Invoice 9656239416 ($83,435.85 for February work) was paid by ALTi in full on first presentation, in good faith and without negotiation. ALTi is not asking for retroactive credit against that payment. That payment is, instead, the demonstration of ALTi's seriousness as a fast-paying client and the basis on which ALTi is proposing the goodwill adjustment apply to the unpaid portion of the engagement. Stacking the proposed adjustment on the May invoice — which is the largest, the most operationally problematic, and the one most visible to ALTi's co-founders and board — produces the right internal signal that the reset is real and material.
ALTi is open to alternative structuring if Baker prefers — for example, distributing the adjustment proportionally across the March and May invoices rather than stacking it on May, or treating part of the adjustment as a credit against future engagement. The proposal as presented above is what ALTi believes optimizes for clean accounting on both sides and for internal reporting visibility; Baker should respond with whichever mechanic is cleanest for Baker.
Baker proactively reissued invoice 9656248276 ($56,045.30) as invoice 9656249096 ($46,695.09) on April 22, 2026, removing the Christoph Stutz line items (7.0 hours, $6,047.17) and the Nusrije Islami line items (6.5 hours, $3,303.04), totaling $9,350.21. ALTi notes Baker's responsiveness in making the reissue, and proposes that the more efficient mechanic — and the one that produces a clean sub-$100,000 May invoice under either scenario above — is to reset the April invoice to the original $56,045.30 and apply the differential as a discrete credit line on the May invoice.
The reissue itself, however, is worth pausing on, because it illustrates a pattern that runs through all three transition-period invoices and is central to the rationale for the proposed adjustment. The Stutz line items reflect drafting of tailor-made advisory agreements and related instruments — three derivative documents (advisory agreement, updated advisory agreement, mandate agreement) totaling 7.0 partner hours billed at $6,047. For context, comparable US firms typically price templated derivative instruments of this type at $2,500–$5,000 per document, or $7,500–$15,000 for a three-document bundle. Stutz's pricing was within US-market range. The structural issue is therefore not the price but the process: a comparable US firm would have scoped and quoted the bundle in writing in advance under a proposal, named the partner, and obtained client sign-off before drafting began. None of that happened here. The Islami line items reflect drafting of corporate documents for a capital increase, produced under the same lack of advance scoping. The honest framing of these workstreams is that they were produced without prior scoping, without ALTi's prior knowledge that the work was underway, and — in the Stutz instance specifically — without being directly tied to deliverables ALTi had asked for. ALTi first became aware of these workstreams when the March invoice was presented for payment.

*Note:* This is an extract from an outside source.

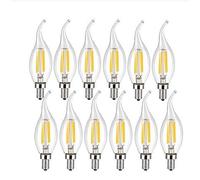 10Pcs LED Filament Bulb E14 4W/6W AC220V Glass Shell 360 Degree C35 Edison Retro Candle Light Warm/Cold White Warm White 2w
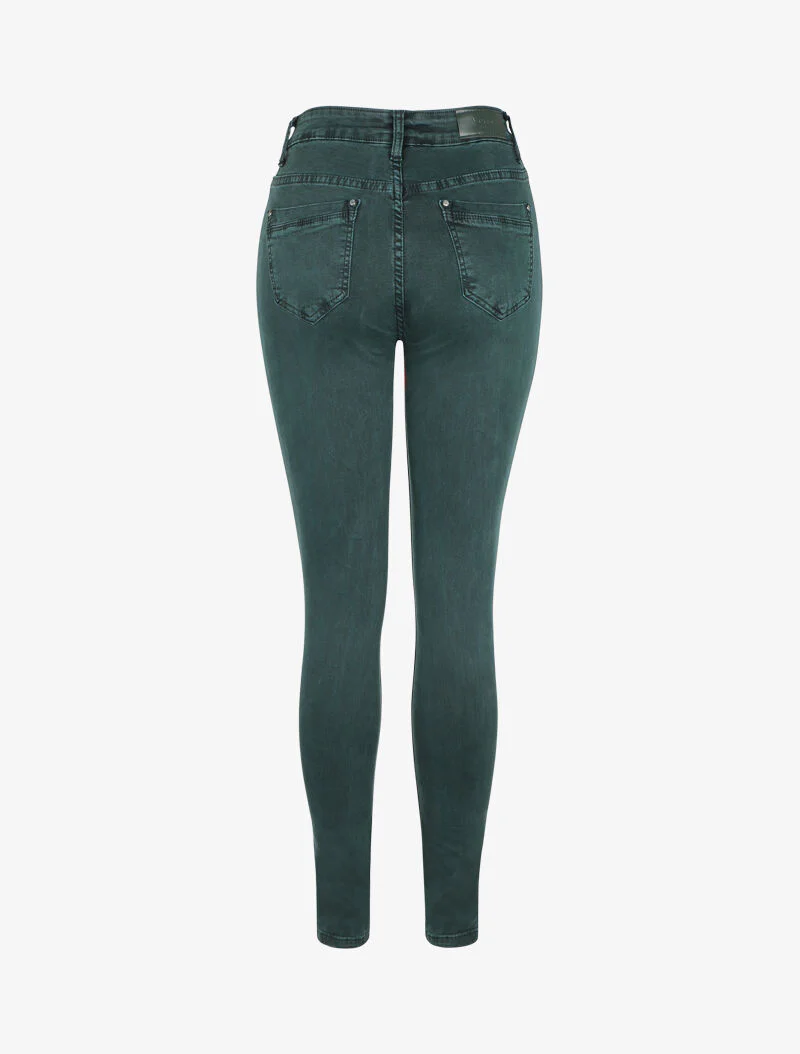 Jean slim uni taille haute - Vert canard - Image 2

Baker's decision to remove these line items proactively when the invoice was first questioned is itself a tacit acknowledgment that the work, on examination, was not defensible as a scoped and authorized part of the engagement. ALTi's position is not that these items should be silently removed and forgotten — they are, in fact, examples of a broader pattern (more examples follow in Sections 4 and Appendix D) of work being produced without authorization, billed at full freight, and only becoming visible to ALTi at invoice time. The structural correction is in Section 5: written proposals on all project work, scoped and priced in advance, with no work commencing absent ALTi's written approval. The financial correction is the proposed adjustment in 3.2.
ALTi is explicitly framing the proposed adjustment as a goodwill gesture, not a disputed-time claim. The distinction matters operationally: a goodwill adjustment is Baker's choice, sets no precedent, requires no risk-committee escalation, and preserves the relationship as a forward-looking partnership. A disputed-time framing would damage all four. ALTi has chosen the goodwill framing as the proposal because that framing is what makes the reset durable and what positions Baker to remain counsel of record on the substantial forward pipeline. ALTi asks that Baker's response use the same framing in any internal documentation.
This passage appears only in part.